Records for this task:
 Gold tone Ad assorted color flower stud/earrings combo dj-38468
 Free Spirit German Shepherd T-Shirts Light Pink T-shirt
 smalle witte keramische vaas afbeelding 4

--

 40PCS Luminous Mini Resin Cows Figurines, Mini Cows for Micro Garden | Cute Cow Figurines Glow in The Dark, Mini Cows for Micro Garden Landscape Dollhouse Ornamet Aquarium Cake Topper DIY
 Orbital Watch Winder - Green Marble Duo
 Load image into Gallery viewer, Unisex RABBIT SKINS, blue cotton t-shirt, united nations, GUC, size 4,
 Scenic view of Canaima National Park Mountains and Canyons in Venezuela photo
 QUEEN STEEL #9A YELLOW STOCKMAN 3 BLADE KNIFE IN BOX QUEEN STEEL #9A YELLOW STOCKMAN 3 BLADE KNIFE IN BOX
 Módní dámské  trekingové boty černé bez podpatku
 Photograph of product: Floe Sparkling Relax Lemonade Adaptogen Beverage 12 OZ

Problem details: Proceeding from the line containing "Load image into" through the line containing "Scenic view of", transcribe the lines above exactly, both end lines included.

Response to the exercise:
 Load image into Gallery viewer, Unisex RABBIT SKINS, blue cotton t-shirt, united nations, GUC, size 4,
 Scenic view of Canaima National Park Mountains and Canyons in Venezuela photo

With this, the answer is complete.